One probably would make the argument that those extremes are what really matter because of the impact they have on humans, society and ecosystems. We should be concerned about any trends, especially the occurrence of extremes. Right now, I don’t see a big change or trend in extreme events. We’re going to be running an update of an earlier study soon that investigates trends of extremes and will be checking carefully for any recent changes.

MichiganScience:
February was blisteringly cold this year, wasn’t it?

Dr. Andresen:
Average temperatures in the state generally ranged from 4 and 8 degrees Fahrenheit below average for February. That was the largest negative departure we’ve seen in some time.

MichiganScience:
What do you attribute that to?

Dr. Andresen:
Physically, it’s because of the pattern of the jet stream — where it goes and how it flows around the hemisphere. From mid-November through the middle of January, we had a jet stream pattern across North America — with relatively cold conditions to the north and warm conditions to the south — that was further North than it normally is. This also kept the main storm track to our north in Canada, and most of the air masses moving into Michigan were of relatively mild Pacific origin, leading to many 50 degree days. Then in mid-January, there was a big change. We saw a big ridge develop over western North America, with a big trough over the East. Then, one after another, air masses from the Arctic and even Siberia came across the Pole, and the jet stream literally steered those frigid air masses down into the lower 48 states. This gave us our cold outbreak, and it was really pretty serious and significantly cold. Eight degrees below or above normal temperatures is a pretty big departure.

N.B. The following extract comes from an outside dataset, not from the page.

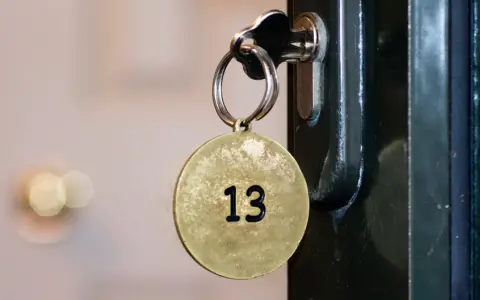 Klucz z okrągłą zawieszką z numerem 13 włożony do zamka.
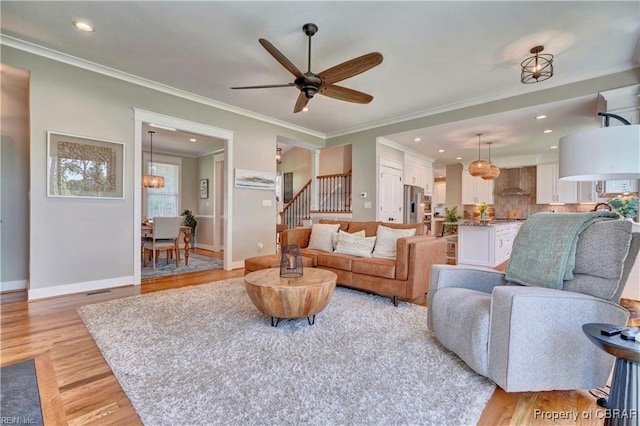 living area with stairs, recessed lighting, ceiling fan with notable chandelier, and light wood-style floors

One of the more interesting aspects of the climate system is that we typically don’t see one jet stream pattern persist more than several weeks. That would most likely either be in the middle of the winter or the summer, which are the most stable seasons. During spring and fall, with a seasonal transition going on, you almost never see anything last this long. The worst, coldest winters are when we’re stuck in a cold pattern for a long time. Or, we see extended warm periods. This winter, we’ve seen both with incredibly mild conditions early and followed by very cold weather. All the warm water from the Pacific dissipated. It’s been replaced with cold water that rises with anomalously strong trade winds to create La Niña, which we haven’t seen in some time.

It probably is part of the natural variability of the system. We probably can’t attribute it to one particular cause. There’s a lot of variability, which is why it’s difficult to discern what’s natural and what’s not.

MichiganScience:
What does the future hold for Michigan’s climate?

Dr. Andresen:
Michigan has become warmer over the last three decades, but the temperatures now are still within the range of the natural variability that we’ve observed over the last 100 or 120 years. They are currently at the high-end of that range. Much of that warming has occurred in the winter and the spring seasons — and a good deal of that has occurred at nighttime, which is partially related to increases in cloudiness. Changes in summer have not been nearly as evident. At the same time, it’s also become somewhat wetter. The benchmark dry decade in Michigan was the 1930s, and it’s been wetter ever since. There is some indication in the last 10 years that the increasing trend in precipitation may have leveled off somewhat. That may be temporary, but then again it may not.

Future projections of climate in our region during the next century from most recent global climate simulations suggest conditions generally warmer and wetter than those of recent decades. Whether or not the general agreement of these projections with observations during the past few decades is coincidental is not clear — only time will tell.